▶ _Instructions for the task_: An exact copy of the data is needed, one that excludes all pictures.

■ ■ ■ ■

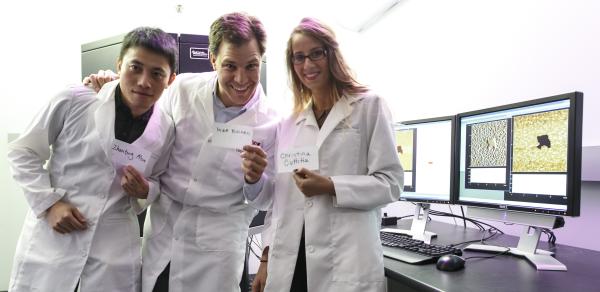 Nursing Students in the Lab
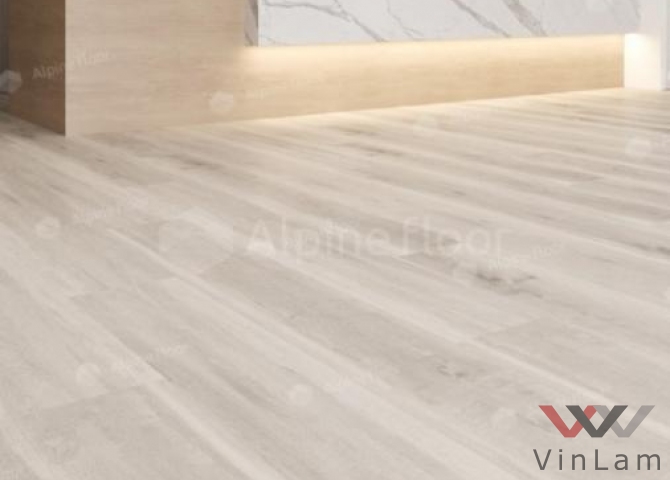 Фото №2 - Виниловая плитка Alpine Floor Ultra LVT ЕСО 5-19 Дуб Полярный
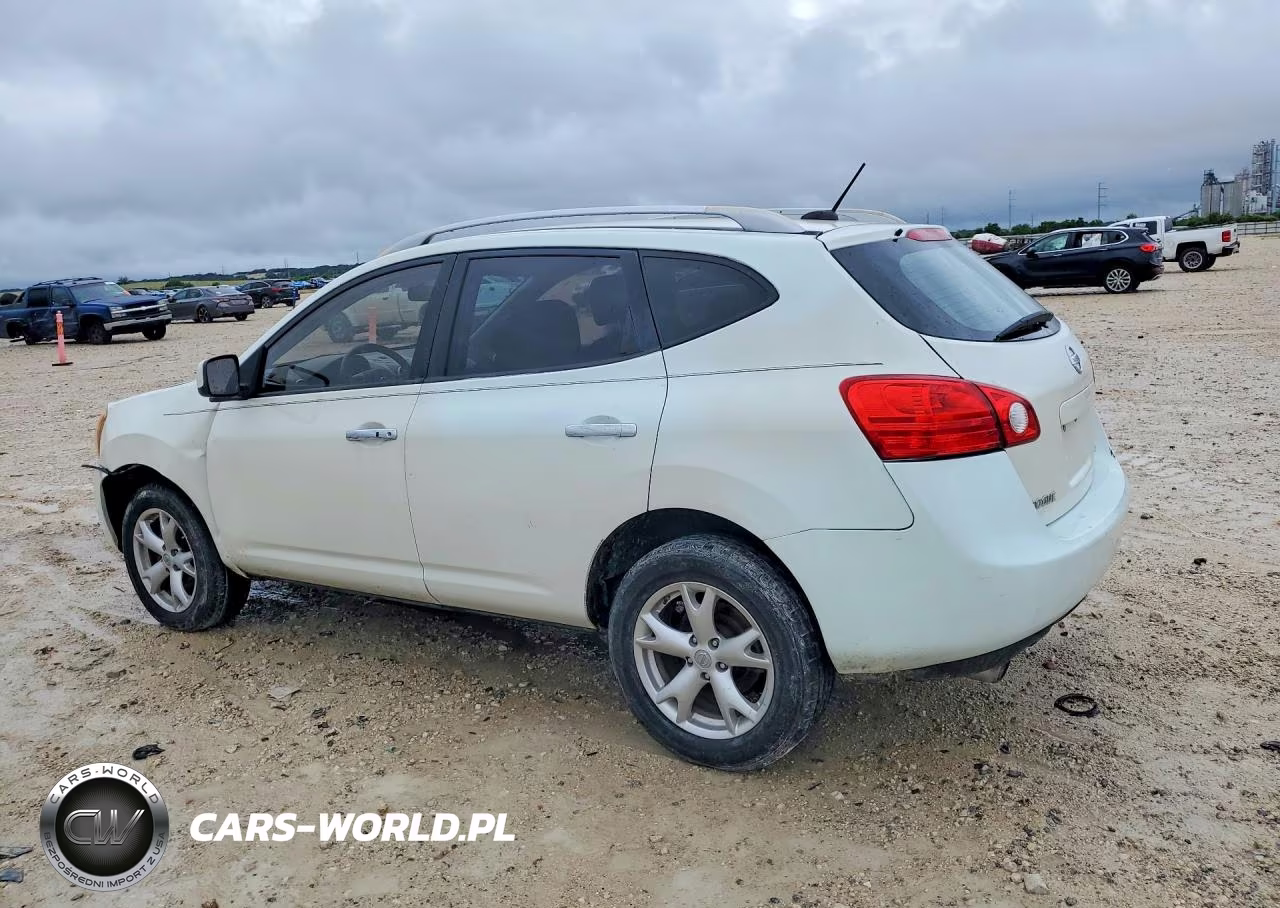 2010 Nissan Rogue Sl VIN:JN8AS5MT0AW504650 - 2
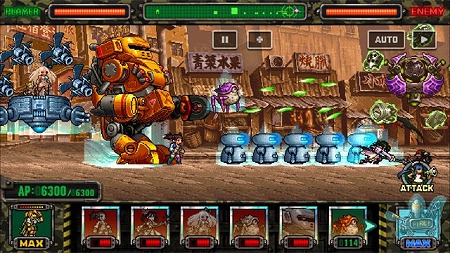 METAL SLUG ATTACKס٥ȡPUNK! PUNK! PUNK!ɤ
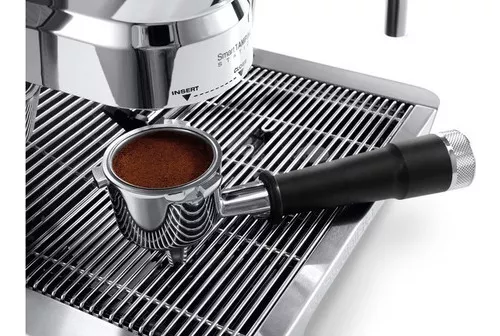 Cafetera espresso manual de bomba De'Longhi La Specialista Prestigio  EC9355.M con molinillo integrado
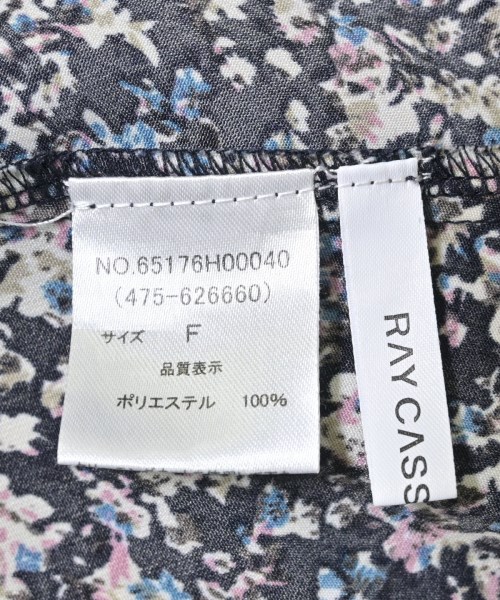 RAY CASSIN（レイカズン）ワンピース 黒 サイズ:F レディース/2200677344065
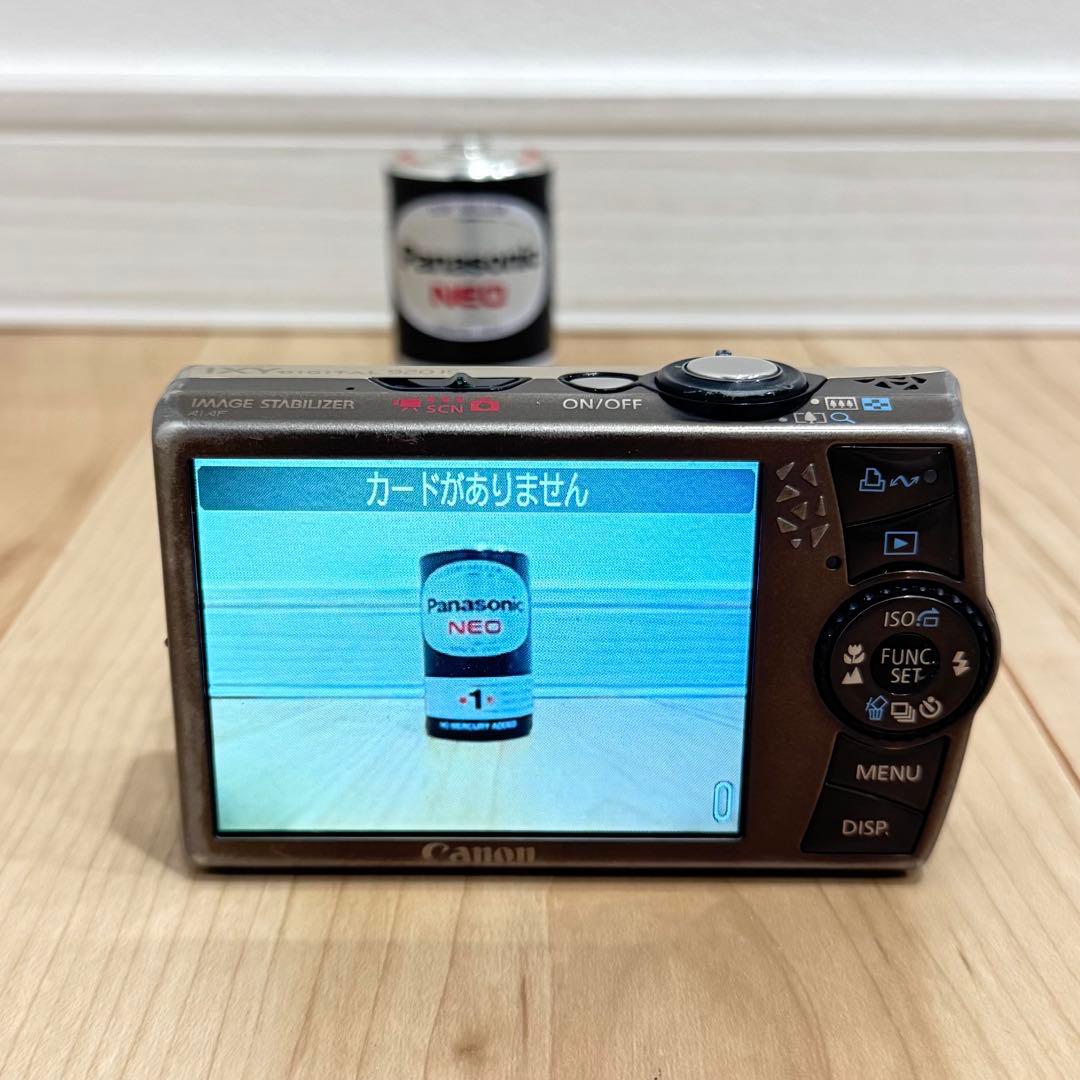 Canon キャノン　IXY DIGITAL 920IS デジカメ　コンデジ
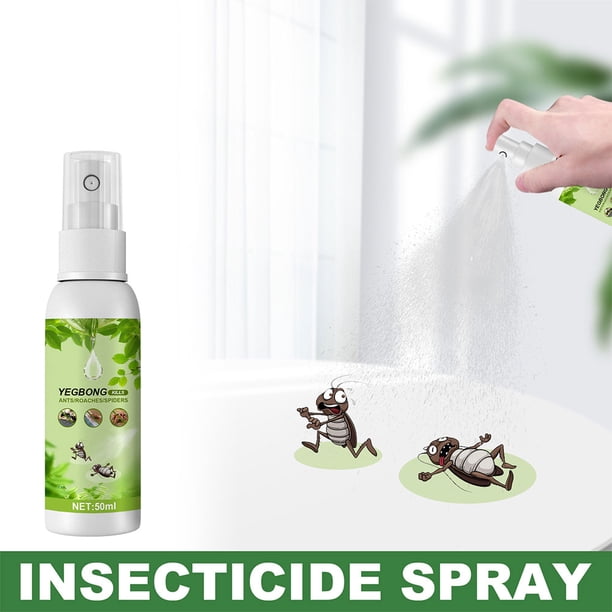 Repelente de mosquitos de 50mlrepelente de arañasrepelente de control de insectos naturales para plantas Ndcxsfigh Nuevos Originales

■ ■ ■ ■

▶ _Answer area_:
 Nursing Students in the Lab
 Фото №2 - Виниловая плитка Alpine Floor Ultra LVT ЕСО 5-19 Дуб Полярный
 2010 Nissan Rogue Sl VIN:JN8AS5MT0AW504650 - 2
 METAL SLUG ATTACKס٥ȡPUNK! PUNK! PUNK!ɤ
 Cafetera espresso manual de bomba De'Longhi La Specialista Prestigio  EC9355.M con molinillo integrado
 RAY CASSIN（レイカズン）ワンピース 黒 サイズ:F レディース/2200677344065
 Canon キャノン　IXY DIGITAL 920IS デジカメ　コンデジ
 Repelente de mosquitos de 50mlrepelente de arañasrepelente de control de insectos naturales para plantas Ndcxsfigh Nuevos Originales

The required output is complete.